By Richard Bardon, Australian Alert Service, 12 May 2021
Darwin: Australia’s gateway to Asia
The following edited extract from the April 2006 New Citizen special report, “The Infrastructure Road to Recovery”, outlines a proposal by former Snowy Mountains Scheme engineer and Monash University Dean of Engineering Prof. Lance Endersbee (1925-2009) to transform Darwin into a major industrial and commercial hub, and Australia’s chief point of contact with our northern neighbours. The full report is available online at https:// citizensparty.org.au/blueprint.
The Melbourne to Darwin Asian Express proposal, which Prof. Endersbee later expanded into the Ring Rail to go around the top end of the continent and terminate in Perth, is a beautiful idea, which would transform Australia’s relations to Asia. Australia’s present transport system is a huge constraining factor on the nation’s export capabilities. As Prof. Endersbee explained to the CEC National Conference on 23 November 1997, “[W]hen a ship comes to Australia, they visit three or four ports in our waters and effectively, most shipping in Australia circumnavigates the continent. This system would cut right through this…. It is not just a railway line. It’s a new transport system. … [The] ships that serve Australia also call at several ports around in the Southwest Pacific/East Asia area. So they have a schedule of about six weeks, a turnaround time of about six weeks. So, for shippers shipping from Australia, it usually is a month plus, to get to anywhere in Asia.”
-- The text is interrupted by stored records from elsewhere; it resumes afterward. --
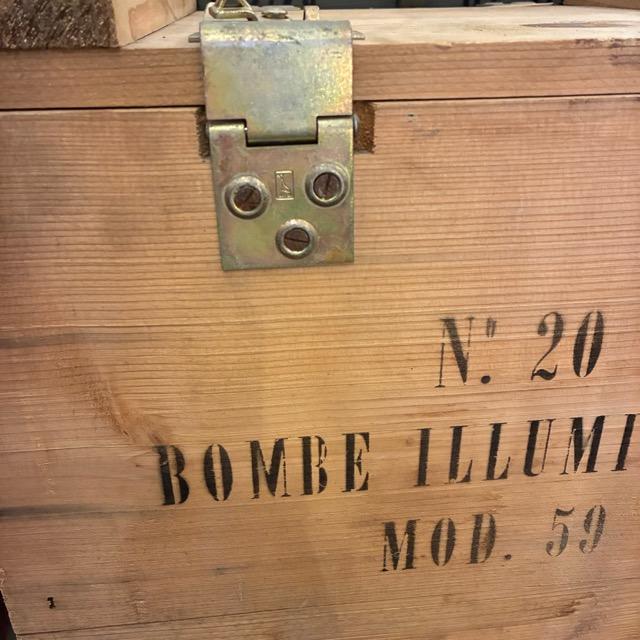 イタリア軍　BOMBE ILLUMINANTI　イルミナティ ウッドボックス　家具　インテリア　収納　軍物　ウッド　木箱　小物入れ　オリーブ　ガレージ　工具箱　ボム　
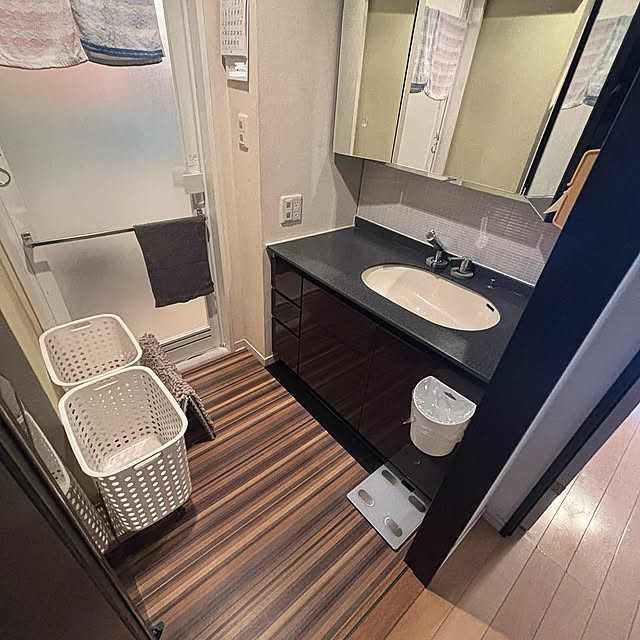Bathroom,洗面所兼脱衣所,脱衣所,洗面所,高コスパアイテム,セリア,冬,セリアのリメイクシート,リメイクシート,セリアのタイルシール,タイルシール,100均リメイク,100均,自分の機嫌をとりながら暮らす,お気遣いなく❤︎,コメントスルーでよかです,チョコザップで貰った体重計が良き,マンション,リメイク koshiregutyoの部屋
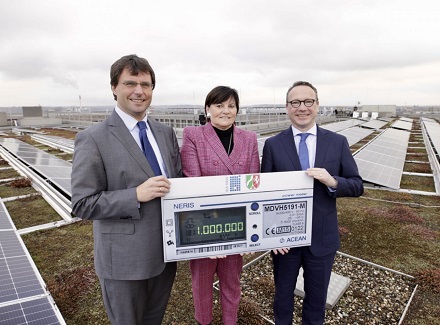 Eröffnung der bislang größten Solaranlage im Justizbereich auf dem Dach des Land- und Amtsgerichts Düsseldorf.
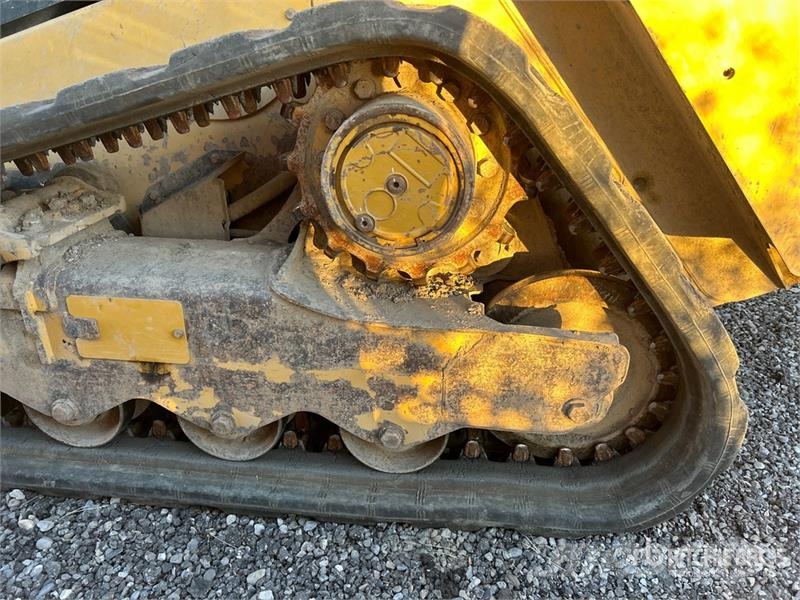 CAT 259D Lietoti riteņu kompaktiekrāvēji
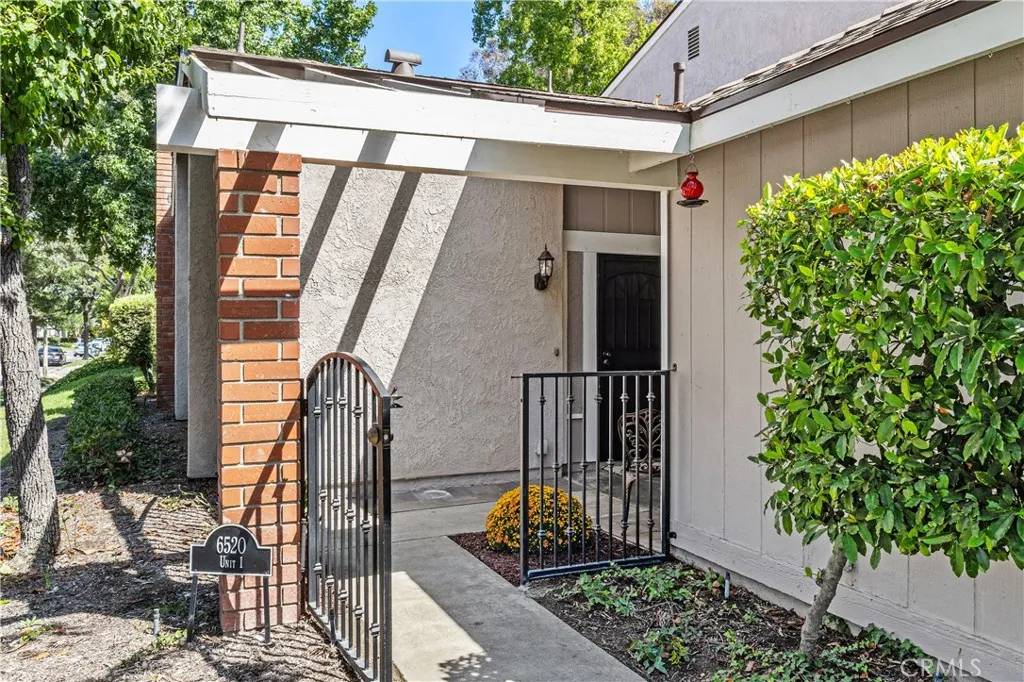 Anaheim Hills, CA 92807,6520 E Camino Vista #1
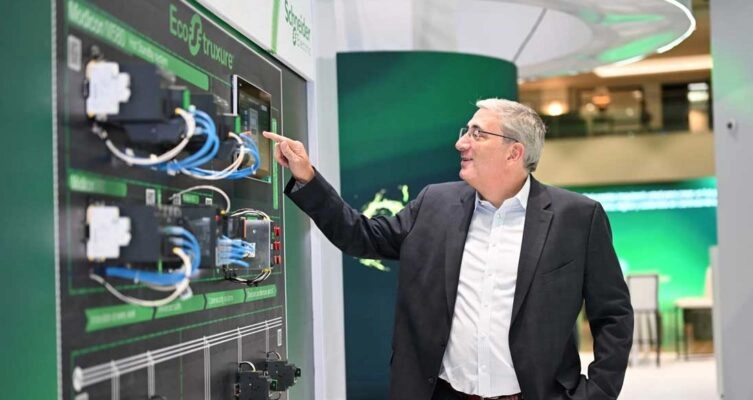 Schneider Electric impulsa la innovación energética y digital en Centroamérica.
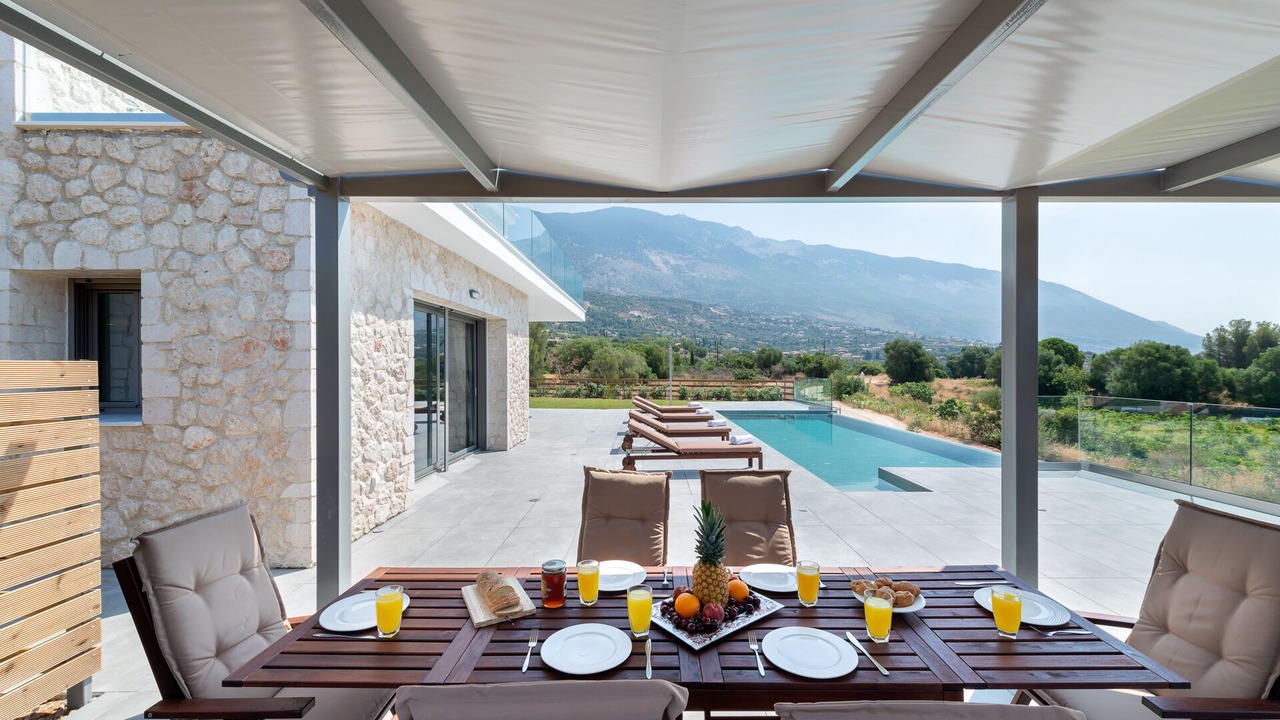 Photo of Outdoor in Karavados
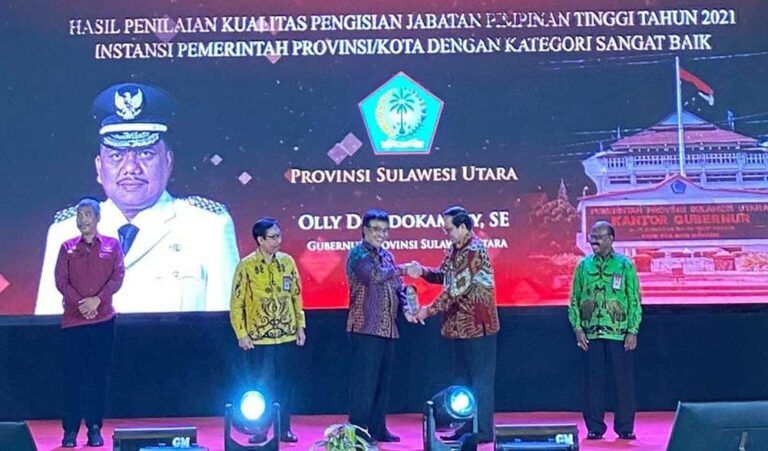 Pemerintah Provinsi Sulut menerima penghargaan dari Komisi Aparatur Sipil Negara. (Foto:istimewa)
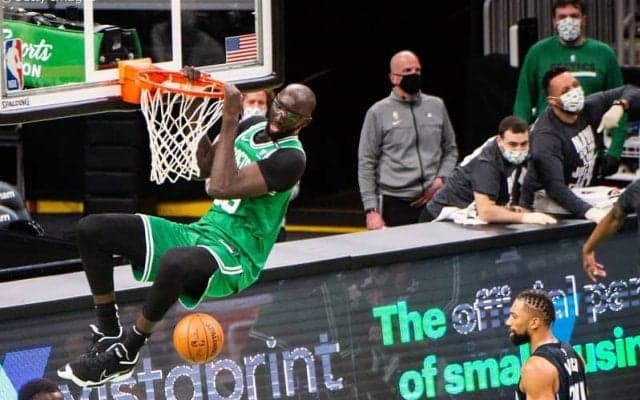 リーグ最長身の226センチ、タコ・フォールがキャブズと無保証の1年契約で合意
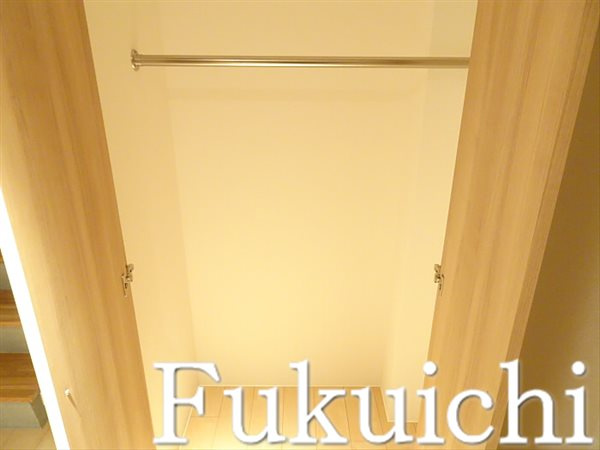 BRICK RESIDENCE 目黒本町の収納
With the Asian Express, however, three trains a day could be running between Melbourne and Darwin, and then, with high-speed ferries, products could be in key Asian ports in another day or two. Said Prof. Endersbee, “The distance from Darwin to Singapore is the same distance as the length of the Mediterranean. The sea state is mostly fairly flat. In other words it is calm seas most of the time, so that means we can contemplate … daily ferry services from Darwin to Java, Darwin to Singapore, and so on.”
A fast freight service into Jakarta, Singapore and Kuala Lumpur would create a demand for high-value Australian produce, particularly in fresh fruit and vegetables. The fledgling exotic fruit industries around Darwin, of Kakadu plums, peanuts, mangoes, paw paws, and figs, that are being developed already using expensive air freight, would be able to expand into large industries for northern WA, the NT, and northern Queensland, supplying the massive Asian market. …
Two Australian companies, WA’s Austal Ships and Tasmania’s Incat, are world leaders in high-speed shipping technology…. Both Austal and Incat have developed their largely vehicle/passenger catamarans into fast freight carriers … [which] could transport five to eight times the tonnage of a jumbo jet at a rate of around 40 knots. At that rate, freight would be shipped from Darwin to Singapore in just two and a half days … and their freight cost per kg is up to 80 per cent lower than air freight. …
Prof. Endersbee insists that the establishment of fast freight runs from Darwin to Asia can begin immediately, and does not have to wait until the Asian Express is completed. … “The sensible way to commence fast freight would be for the Australian Government to underwrite the line, by buying fast freight vessels from both [companies] … and start operating the service. The service will create demand. When the market develops, the Government would probably be able to sell those ships for two or three times the purchase price. It’s an investment.”